Тогда придется ему сказать. Придется ему сказать. Что же следует сказать такому типу?

То, что я ему сказал, звучит сегодня почти избито, стерто, не слишком остро и резко, ничуть не колко и, казалось бы, не годится для тонкого процесса размежевания. Я ему сказал:

— Нацист.

Я сказал:

— Катись от меня подальше, нацист!

И этим кое-что было сказано. Смешно, но это так: никто из них не хотел называться нацистом. Некоторые допускали, что они были национал-социалистами, но нацистами — нет. Даже крестьянский звонарь Кюлиш, для которого привет от фюрера, переданный через оратора Зомбарта, стал самым радостным событием в жизни, не желал, чтобы его так называли. Слово «нацист» считалось ругательством, а они его не заслужили. Оно наводило на мысль о брюшке, нависшем над поясным ремнем, а ведь они со своими людьми делились. От него отдавало фанатизмом, а ведь они были деловые люди на трудной службе — на службе родине.

Нет, нет, они не собирались открещиваться от самой идеи — от чистой и верной идеи, необходимой как опора против хаоса; они хотели бы только не погрешить против истины. Они были солдатами, офицерами, чиновниками, начальниками и носителями власти, многие из них состояли в партии, но далеко не все, многие, возможно, были чересчур легковерны, скорее всего, так, этим и объяснялись те или иные акции, которые здесь собираются вменить им в вину, — все это вполне вероятно, и они готовы принять упрек, что со строжайшей жесткостью и жестчайшей строгостью ратовали за интересы народа, в конце концов, они побежденные. Но нацисты? Нет.

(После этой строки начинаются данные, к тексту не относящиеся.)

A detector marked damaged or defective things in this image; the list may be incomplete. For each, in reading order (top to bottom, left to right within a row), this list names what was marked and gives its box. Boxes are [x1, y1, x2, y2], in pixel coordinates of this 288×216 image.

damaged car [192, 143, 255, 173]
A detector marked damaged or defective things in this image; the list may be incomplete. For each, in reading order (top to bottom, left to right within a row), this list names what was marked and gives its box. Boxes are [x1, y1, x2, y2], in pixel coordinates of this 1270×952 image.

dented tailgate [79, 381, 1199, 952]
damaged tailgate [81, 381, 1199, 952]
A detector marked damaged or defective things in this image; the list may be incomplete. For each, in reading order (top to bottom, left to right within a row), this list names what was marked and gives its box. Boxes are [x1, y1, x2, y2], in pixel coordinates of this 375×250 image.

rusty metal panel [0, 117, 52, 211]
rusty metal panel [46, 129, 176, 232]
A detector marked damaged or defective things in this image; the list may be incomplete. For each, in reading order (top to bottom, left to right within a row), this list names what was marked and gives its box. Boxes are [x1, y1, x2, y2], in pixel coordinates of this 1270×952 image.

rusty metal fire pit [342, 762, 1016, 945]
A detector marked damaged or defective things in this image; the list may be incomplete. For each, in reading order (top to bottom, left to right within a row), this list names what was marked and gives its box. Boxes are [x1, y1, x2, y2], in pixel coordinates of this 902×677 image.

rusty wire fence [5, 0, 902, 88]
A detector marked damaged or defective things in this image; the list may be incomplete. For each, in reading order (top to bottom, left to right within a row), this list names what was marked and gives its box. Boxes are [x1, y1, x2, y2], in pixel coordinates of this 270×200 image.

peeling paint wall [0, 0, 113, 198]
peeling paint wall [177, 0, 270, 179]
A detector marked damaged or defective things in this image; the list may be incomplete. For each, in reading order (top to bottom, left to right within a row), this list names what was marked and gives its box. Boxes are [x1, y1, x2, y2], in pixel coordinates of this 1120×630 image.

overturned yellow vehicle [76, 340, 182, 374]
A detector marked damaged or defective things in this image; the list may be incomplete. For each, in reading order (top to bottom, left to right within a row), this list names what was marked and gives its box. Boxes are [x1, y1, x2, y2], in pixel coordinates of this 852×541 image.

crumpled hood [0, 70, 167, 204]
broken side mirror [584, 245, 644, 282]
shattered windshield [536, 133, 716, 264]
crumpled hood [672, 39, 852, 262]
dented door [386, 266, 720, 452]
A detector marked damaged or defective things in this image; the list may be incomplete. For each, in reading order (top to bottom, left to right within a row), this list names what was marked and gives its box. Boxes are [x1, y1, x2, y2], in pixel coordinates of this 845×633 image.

А вот я им это сказал. Все очень обиделись.

Достаточно плохо и то, что поляки зовут их фашистами. Плохо и смешно, они ведь не служили у дуче. Достаточно плохо, что поляки обращаются с ними, как с итальянскими преступниками. Но что сказать про соотечественника, который другого соотечественника обзывает нацистом? Да еще в таком месте.

— Позор!

«Позор» — вот слово, которое они для меня нашли. Это был позор. Я был позором.

Должен сказать, что позором мне быть совсем не хотелось, во всяком случае, в глазах некоторых людей в этой камере. Вот почему я сказал майору Лунденбройху:

— Я что-то не понимаю. Вы подсылаете ко мне комиссара для допроса, я защищаюсь, и тогда вы говорите «позор». Я полагал, что позор — это когда не защищаются.

Майор, казалось, раздумывал, может ли он стать на мою сторону. Потом ответил:

— Нельзя выступать против своих с чужим оружием.

— А если свой оказывается чужим?

— Ну, у господина комиссара просто крепкая хватка. Такова уж его профессиональная манера.

— И нельзя ее назвать нацистской?

— Здесь — нет. Здесь, у поляков, — нет.

— Но и дома у нас некоторых людей называли нацистами.

— Ваш уважаемый дядюшка, не так ли? — заметил генерал Эйзенштек. — Дядя Томми с его красным матросским слэнгом.

— Ах, господин генерал, так на это все же смотреть не надо, — возразил майор Лунденбройх. — У меня в семье тоже, случалось, нацистов называли нацистами. Дело ведь не в этом. Дело в том, можем ли мы в нашем здешнем содружестве поневоле пользоваться языком, который стал языком противника.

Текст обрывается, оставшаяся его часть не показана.